Ceux qui parviennent à entrer en ville sans ce bulletin sont accusés de chercher à répandre la maladie et donc envoyés à la potence. Chavant relate qu’en 1581 des Grenoblois ont été chassés du marché de La Mure à coups de pierres et de bâtons, parce qu’ils n’étaient pas munis du fameux papier.
Parfois, des quartiers sont mis en quarantaine. Souvent, les rues Perrière et Saint-Laurent, plus petites et plus denses, sont les plus touchées. On empêche alors les gens de franchir les ponts et on coupe le ravitaillement de l’autre rive. En 1564 la rue Bullerie (actuelle rue Abbé de la Salle) est entièrement contaminée, elle est donc barricadée et gardée par des soldats. Les gens qui tentent d’aller voir leurs proches sont arrêtés par la police, les notaires sont appelés pour recevoir les testaments de toute la rue, que les habitants rédigent depuis leur fenêtre. On brûle tout pour éradiquer la maladie : les meubles, les linges et parfois même les maisons des pestiférés.
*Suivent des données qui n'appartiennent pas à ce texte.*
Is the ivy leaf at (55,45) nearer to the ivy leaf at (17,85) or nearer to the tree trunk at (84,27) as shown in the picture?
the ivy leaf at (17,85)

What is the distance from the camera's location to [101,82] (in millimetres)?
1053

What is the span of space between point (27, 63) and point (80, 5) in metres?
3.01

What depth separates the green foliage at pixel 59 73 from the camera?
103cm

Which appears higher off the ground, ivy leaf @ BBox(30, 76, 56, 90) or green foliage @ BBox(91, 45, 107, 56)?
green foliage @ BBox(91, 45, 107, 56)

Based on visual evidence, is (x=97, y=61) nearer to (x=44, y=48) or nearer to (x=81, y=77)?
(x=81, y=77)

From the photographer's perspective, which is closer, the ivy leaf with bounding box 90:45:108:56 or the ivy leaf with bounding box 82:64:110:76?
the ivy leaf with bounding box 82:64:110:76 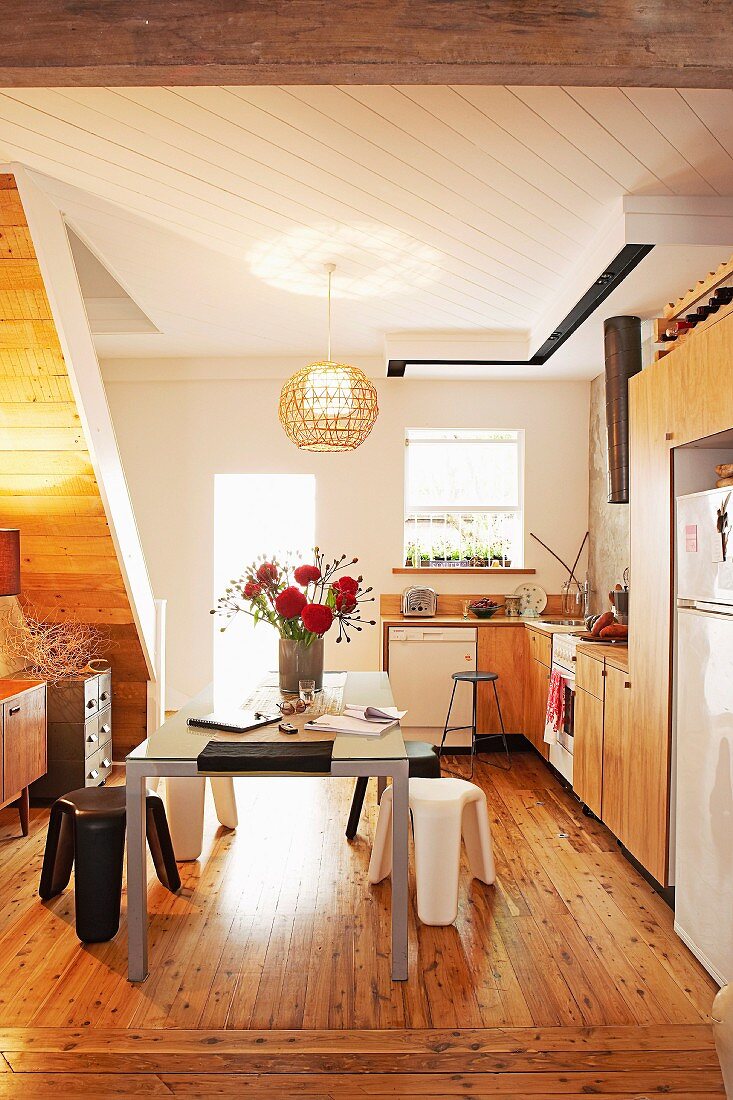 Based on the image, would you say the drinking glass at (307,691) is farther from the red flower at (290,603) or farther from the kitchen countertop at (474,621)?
the kitchen countertop at (474,621)

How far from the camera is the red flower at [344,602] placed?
346 cm

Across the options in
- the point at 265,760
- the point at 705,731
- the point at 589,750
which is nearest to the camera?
the point at 265,760

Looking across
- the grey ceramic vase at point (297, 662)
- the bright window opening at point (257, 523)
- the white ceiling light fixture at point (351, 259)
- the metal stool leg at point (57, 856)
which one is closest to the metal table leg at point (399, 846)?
the grey ceramic vase at point (297, 662)

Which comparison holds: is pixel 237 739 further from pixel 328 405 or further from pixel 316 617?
pixel 328 405

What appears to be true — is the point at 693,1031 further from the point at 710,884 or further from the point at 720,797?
the point at 720,797

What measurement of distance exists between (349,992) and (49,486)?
262 cm

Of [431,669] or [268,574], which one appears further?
[431,669]

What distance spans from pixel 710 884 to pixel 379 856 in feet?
4.30

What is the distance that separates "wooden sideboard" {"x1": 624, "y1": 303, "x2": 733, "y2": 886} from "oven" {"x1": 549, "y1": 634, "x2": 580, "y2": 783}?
0.97 meters

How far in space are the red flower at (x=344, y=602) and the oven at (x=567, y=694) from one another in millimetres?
1474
Est passible d’amende, de bannissement ou de peine de mort (en fonction de sa richesse) quiconque voudrait cacher un proche malade. Les juifs, les marginaux ou les prostituées sont souvent la cible d’attaques : « On fait déloger un grand nombre de garces malhonnêtes et débauchées qui sont établies près de la porte de la Perrière, à cause du danger que ces filles font courir à toute la ville. »
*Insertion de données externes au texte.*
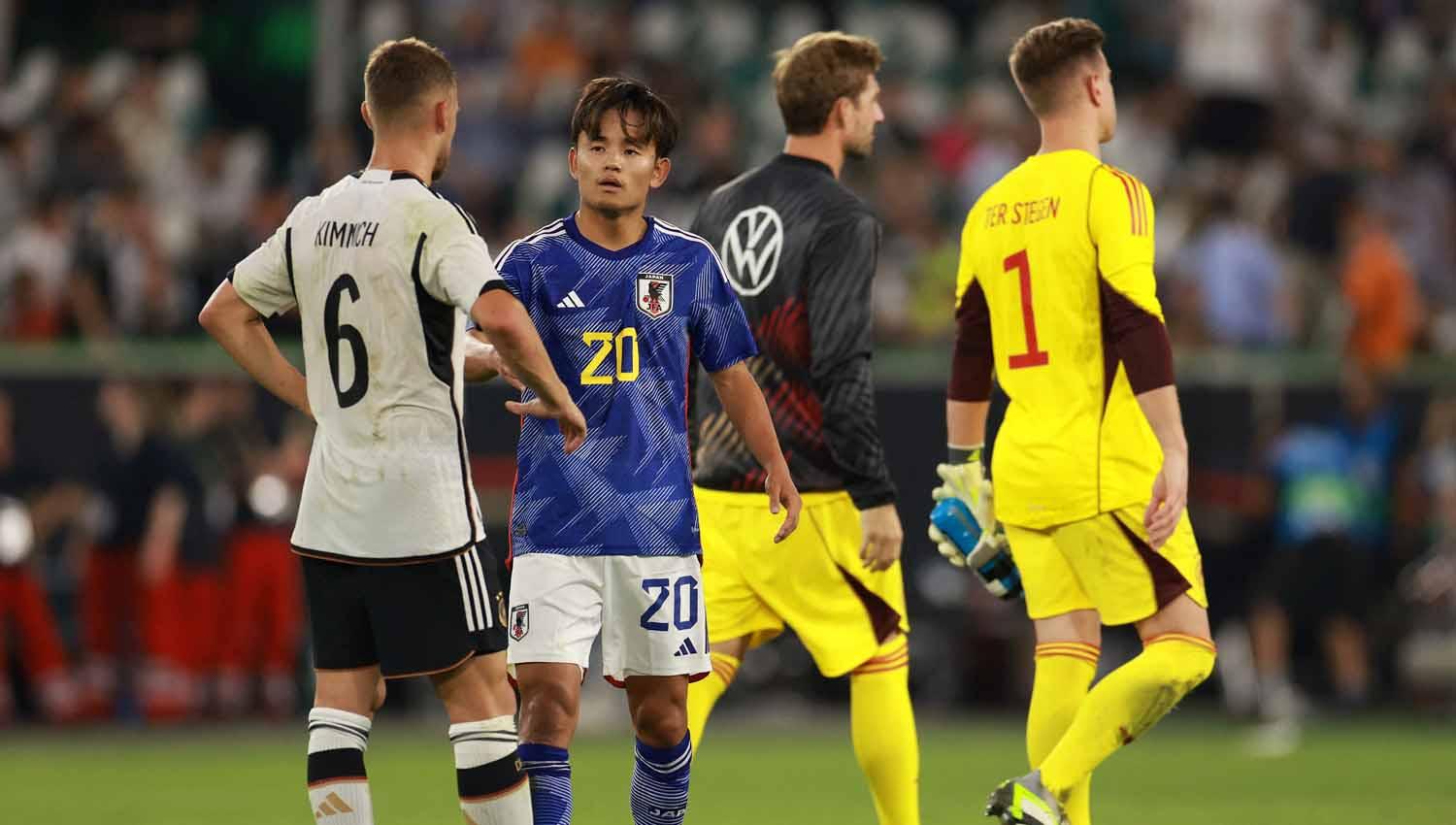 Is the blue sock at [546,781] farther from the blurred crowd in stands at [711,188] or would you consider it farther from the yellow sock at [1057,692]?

Un officier appelé « capitaine de santé » chargé de surveiller l’évolution de la maladie frappe aux portes des maisons chaque matin et recense le nombre de malades. À chaque nouvelle épidémie, les autorités durcissent un peu plus les contrôles et les sanctions à l’encontre des Grenoblois qui sont confinés et ne peuvent quitter la ville. Les taxes et les amendes sont augmentées en cas de manquement aux règles imposées (bulletin de santé, dénonciation des malades, mesures d’hygiène...).
Difficile de ne pas y voir de similitudes avec notre époque.